From the listing below, please restate exactly the lines beginning at the one with "Casa · 300m² · 3 Ambientes · 1 Cochera" and ending at the one with "Douarnenez Casa |", both included, and skip the pictures.

**RAW DATA**
============================================================
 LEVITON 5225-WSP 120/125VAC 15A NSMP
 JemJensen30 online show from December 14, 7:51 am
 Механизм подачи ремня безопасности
============================================================
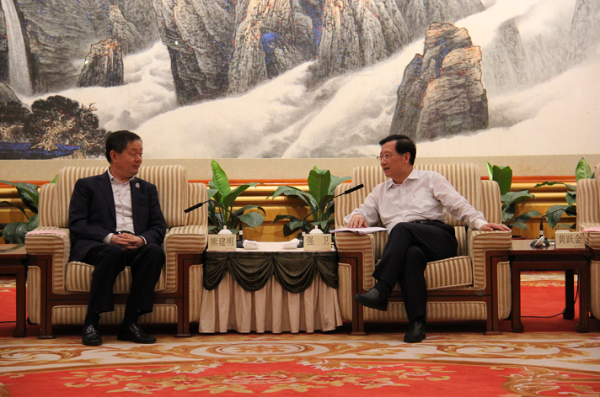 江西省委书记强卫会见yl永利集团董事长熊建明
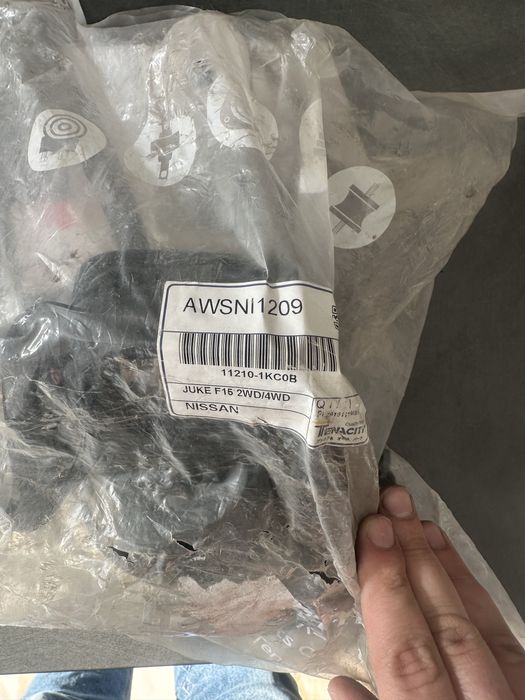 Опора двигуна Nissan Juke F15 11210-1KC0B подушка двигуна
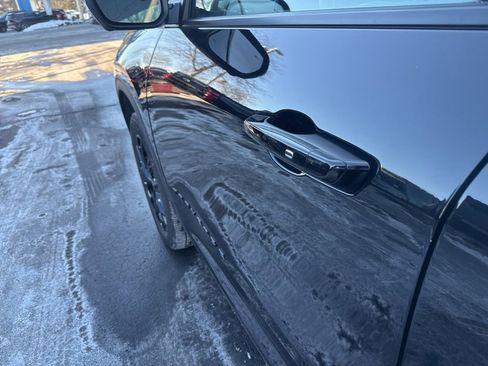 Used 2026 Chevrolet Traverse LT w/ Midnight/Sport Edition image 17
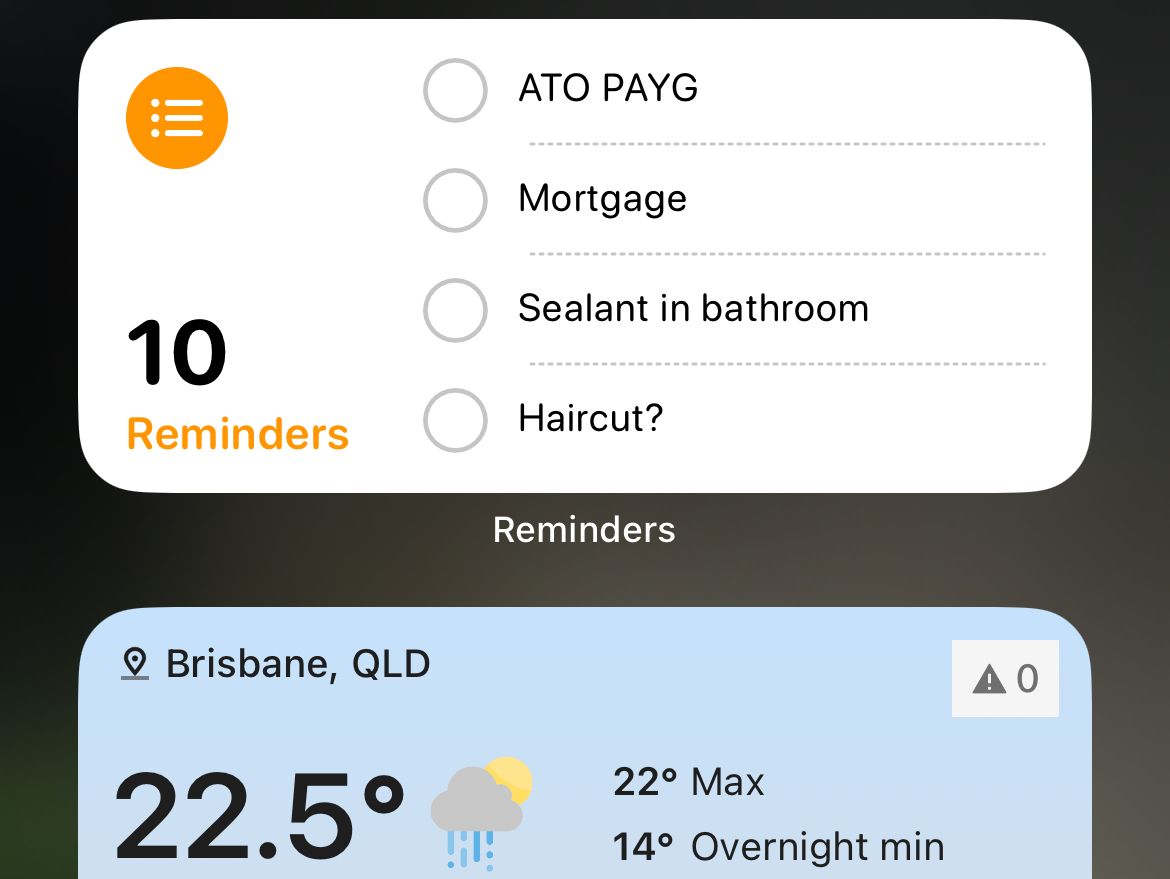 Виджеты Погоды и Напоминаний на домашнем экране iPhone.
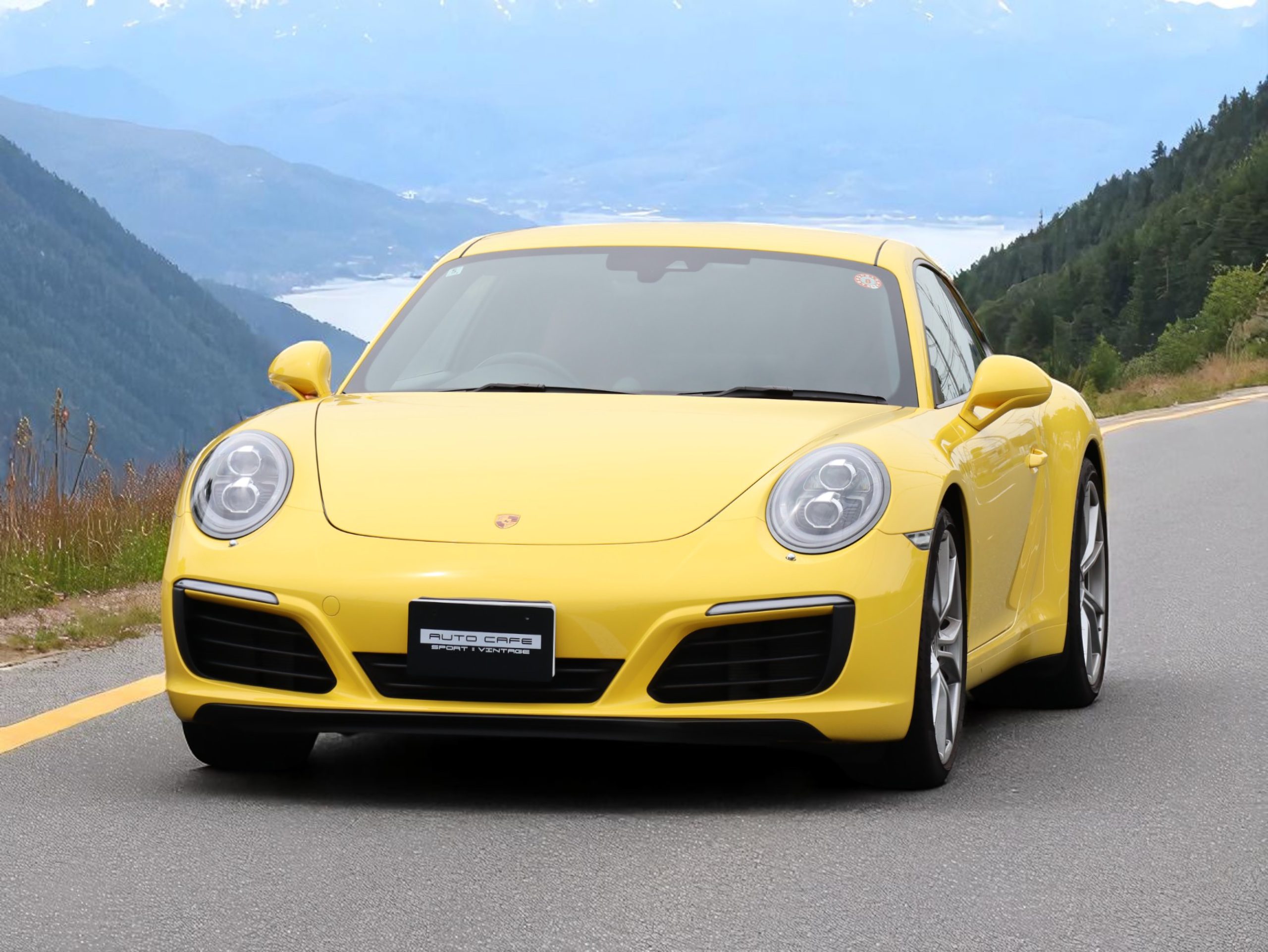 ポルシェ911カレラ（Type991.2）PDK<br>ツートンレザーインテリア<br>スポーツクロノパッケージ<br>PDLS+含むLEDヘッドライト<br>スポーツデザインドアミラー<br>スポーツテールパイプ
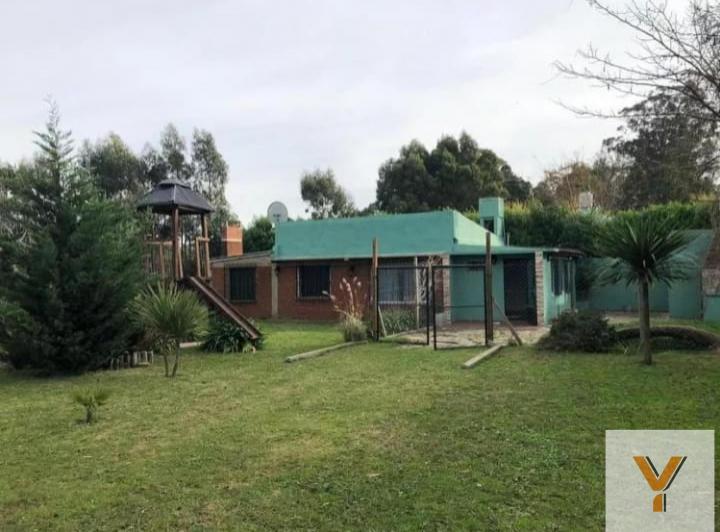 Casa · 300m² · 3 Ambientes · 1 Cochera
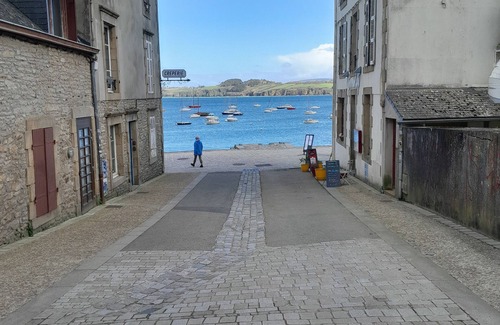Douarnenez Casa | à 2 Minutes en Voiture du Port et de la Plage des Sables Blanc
============================================================
**SOLUTION TO THE PROBLEM**
 Casa · 300m² · 3 Ambientes · 1 Cochera
Douarnenez Casa | à 2 Minutes en Voiture du Port et de la Plage des Sables Blanc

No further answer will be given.